Avec 78 % des 15 à 64 ans au travail, soit un taux d'emploi plus élevé qu'avant la crise sanitaire et qu'ailleurs au Canada, la marge de manœuvre du Québec pour accroître son offre de main-d'œuvre demeure donc limitée.
Dans un tel contexte, pas étonnant que les employeurs s'ingénient à chercher des solutions pour combler leurs besoins et aient de plus en plus recours aux immigrants temporaires.

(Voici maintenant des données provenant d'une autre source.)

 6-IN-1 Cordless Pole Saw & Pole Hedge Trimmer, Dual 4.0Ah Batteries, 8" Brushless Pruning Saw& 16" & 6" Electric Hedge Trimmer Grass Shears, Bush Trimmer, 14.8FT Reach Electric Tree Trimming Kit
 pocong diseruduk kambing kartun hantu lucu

Le nombre de travailleurs temporaires et d'étudiants étrangers à occuper un emploi a, par ailleurs, presque doublé au Québec depuis 2018, pour atteindre 111 600 ou 2,5 % de l'emploi en 2022.
Les travailleurs ont le bon bout du bâton, mais l'inflation joue contre eux
Dans la lutte à l'inflation à laquelle se livre la Banque du Canada, l'état du marché du travail et plus particulièrement, la hausse des salaires, fait l'objet d'une attention particulière. Or, notre analyse indique que les salaires ont augmenté de 5,8 % en un an, soit plus du double qu'en 2021. Cependant, cette croissance ne s'explique pas uniquement par les tensions sur le marché du travail mais également par le déplacement de travailleurs vers des emplois mieux rémunérés et qui tirent la moyenne vers le haut.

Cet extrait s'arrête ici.